The effective tax rate for the 2010 first quarter was 35.9 percent compared to 45.0 percent for the 2009 first quarter. The 2009 effective tax rate was higher due to a discrete adjustment relating to the sale of the dunnage bag business and a lower expected benefit from the domestic manufacturing deduction.

CASH FLOW AND WORKING CAPITAL

Cash and cash equivalents increased by $1.4 million in the quarter ended March 31, 2010, reflecting $23.0 million of net cash provided by operating activities, $6.6 million of cash used by investing activities and $15.0 million of cash used for financing activities.

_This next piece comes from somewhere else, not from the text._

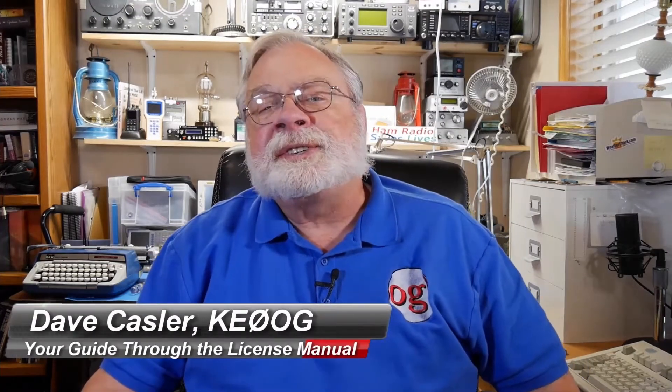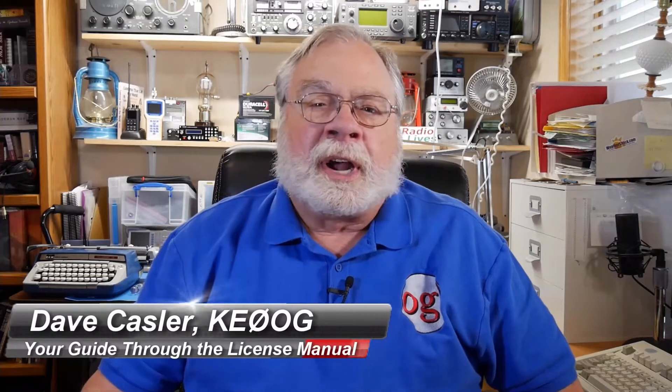Hello, I'm Dave Kassler, Amateur Radio Call Sign KE0OG, your guide through the ARRL License Manuals. The videos in this course follow the manuals section for section. You can get the ARRL License Manuals from the source listed below the video. After you watch the video, dig into the corresponding section of the book, study the associated questions, and then come back for the next video.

On March 31, 2010, the Company made a $10.0 million voluntary debt repayment. Total debt outstanding as of March 31, 2010, was $137.0 million and net debt was reduced by $16.7 million from year end. The Company was in compliance with all debt covenants at March 31, 2010.

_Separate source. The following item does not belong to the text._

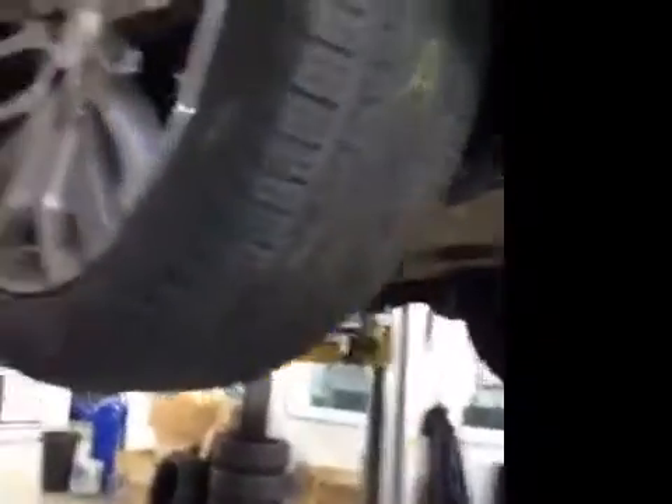Offside front suspension is good. Offside front tyre tread and sidewalls are now marked in amber. Offside front brake discs and pads are both good.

At March 31, 2010, the Company had approximately $63.0 million of working capital and $82.5 million of revolver borrowing capacity. The Company expects to receive in cash approximately $13.2 million in federal income tax refunds and $7.9 million from alternative fuel mixture tax credits. The majority of this cash is expected to be used to make additional repayments.

In December 2009, the Company filed its registration as a cellulosic biofuel producer for the year 2009. The cellulosic biofuel tax credit, under Section 40(b)(6) of the Internal Revenue ("IRS") Code, is a $0.51 per gallon credit for cellulosic biofuel producers. The Company will not recognize any benefit associated with this tax credit until it is approved by the IRS. If approved, the Company can apply for the tax credit related to cellulosic biofuel produced during 2009 and it would be realized by reducing future income tax payable.

CONCLUSION

In summary, Stone commented, "We continue to work hard to obtain much needed price recovery and improve our product mix. We believe that KapStone's second quarter of 2010 and the remainder of the year will benefit on an increasing basis from the realization of the announced price increases and better mix management. We are focused on maintaining strong cash flows and reducing our debt to ensure a healthy and profitable future."

ABOUT THE COMPANY

Headquartered in Northbrook, IL, KapStone Paper and Packaging is a leading North American producer of unbleached kraft paper products and linerboard. The Company is the parent company of KapStone Kraft Paper Corporation which includes paper mills in Roanoke Rapids, NC and North Charleston, SC, a lumber mill in Summerville, SC, and five chip mills in South Carolina. The business employs approximately 1,600 people.